# PySpark Koans - Solutions Notebook

This notebook contains complete solutions for all koans. Use this to reference correct answers after attempting the practice notebook.

**Note**: These koans are designed to work with the browser-based pandas shim. To run with real PySpark, you'll need a Spark environment.

## Categories:
- **Koans 1-30**: PySpark Basics and Operations
- **Koans 101-110**: Delta Lake
- **Koans 201-210**: Unity Catalog
- **Koans 301-310**: Pandas API on Spark

In [None]:
from pyspark.sql import SparkSession
from pyspark.sql.functions import *
from pyspark.sql.window import Window
import pyspark.pandas as ps

# For browser-based version, spark is already initialized
print("✓ Environment ready")

## Basics

In [None]:
# Koan 1: Creating a DataFrame
# Solution

data = [("Alice", 34), ("Bob", 45), ("Charlie", 29)]
columns = ["name", "age"]

df = spark.createDataFrame(data, columns)

assert df.count() == 3
assert len(df.columns) == 2
print("✓ Koan 1 complete: DataFrame creation")

In [None]:
# Koan 2: Selecting Columns
# Solution

data = [("Alice", 34, "NYC"), ("Bob", 45, "LA"), ("Charlie", 29, "Chicago")]
df = spark.createDataFrame(data, ["name", "age", "city"])

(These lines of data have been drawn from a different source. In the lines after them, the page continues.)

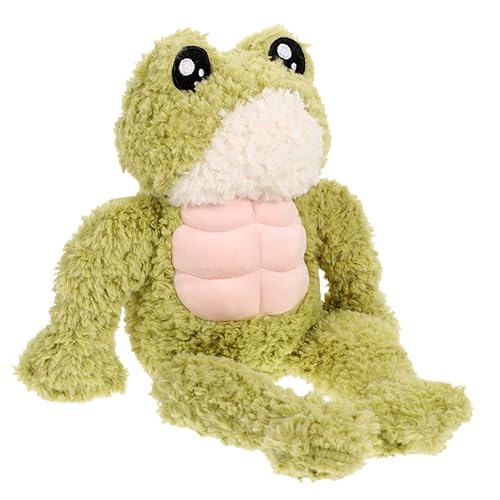 DRESSOOS Muskeltierpuppe Stofftiere Muskelfrosch-Plüschtier bequemes Stofftier kinderzimmer zubehör süße plüschtiere Waschbare Froschpuppe entzückender Cartoon-Frosch PP Baumwolle von DRESSOOS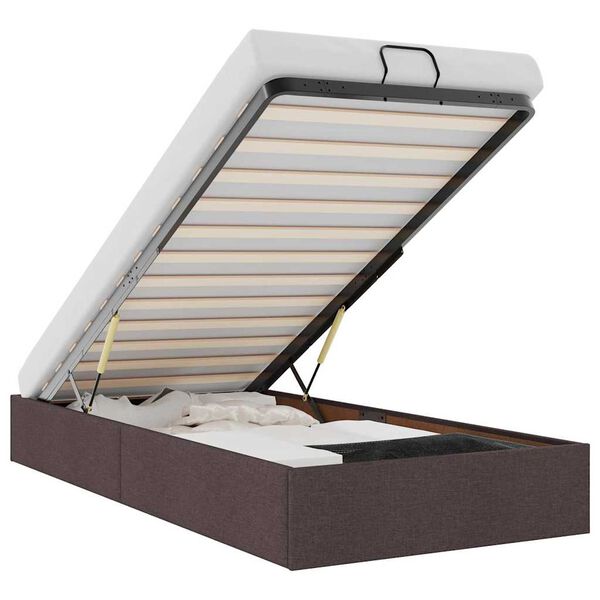 vidaXL Ottomani voodiraam ilma madratsita, tumepruun, 90x200cm, kangas
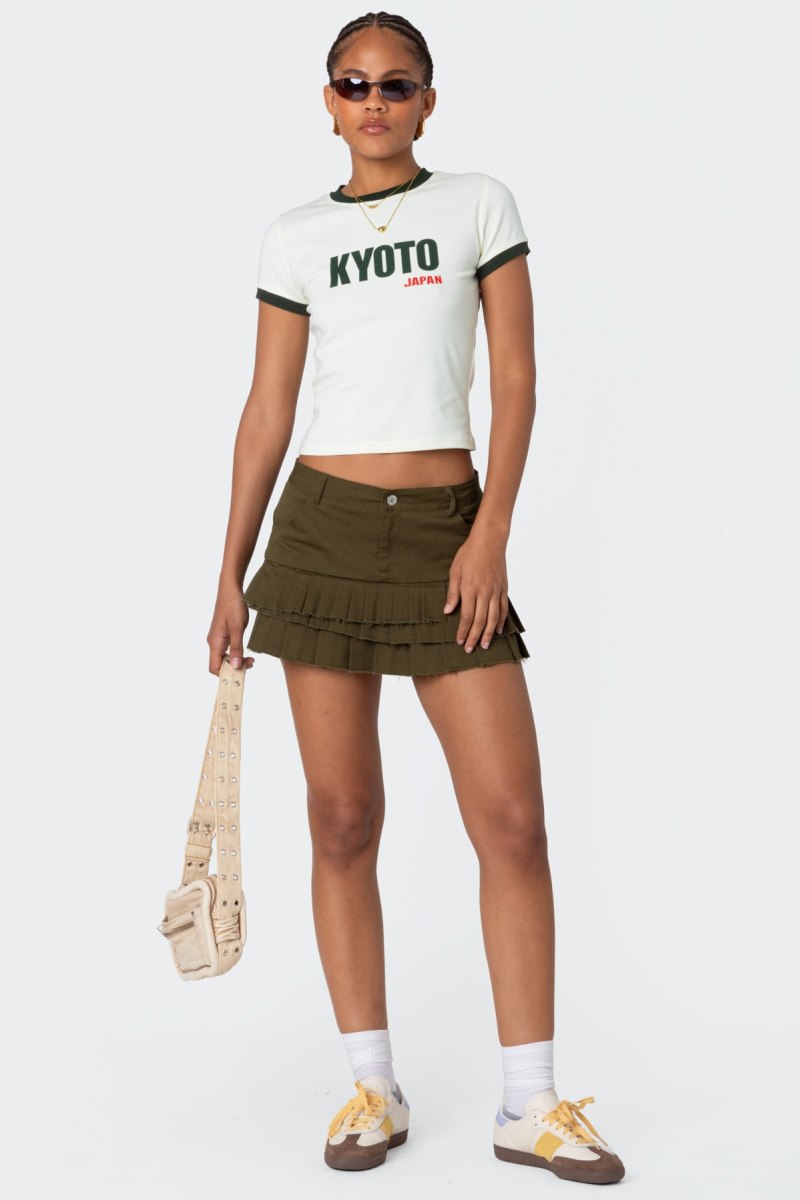 Edikted Layered Pleats Mini Skirts Olive | USA LW940984G7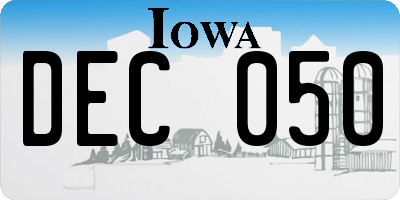 IA license plate DEC050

result = df.select("name", "city")

assert len(result.columns) == 2
assert "name" in result.columns
assert "city" in result.columns
print("✓ Koan 2 complete: Column selection")

In [None]:
# Koan 3: Filtering Rows
# Solution

data = [("Alice", 34), ("Bob", 45), ("Charlie", 29), ("Diana", 52)]
df = spark.createDataFrame(data, ["name", "age"])

result = df.filter(col("age") > 35)

assert result.count() == 2
rows = result.collect()
ages = [row["age"] for row in rows]
assert all(age > 35 for age in ages)
print("✓ Koan 3 complete: Row filtering")

In [None]:
# Koan 4: Adding Columns
# Solution

data = [("Alice", 34), ("Bob", 45), ("Charlie", 29)]
df = spark.createDataFrame(data, ["name", "age"])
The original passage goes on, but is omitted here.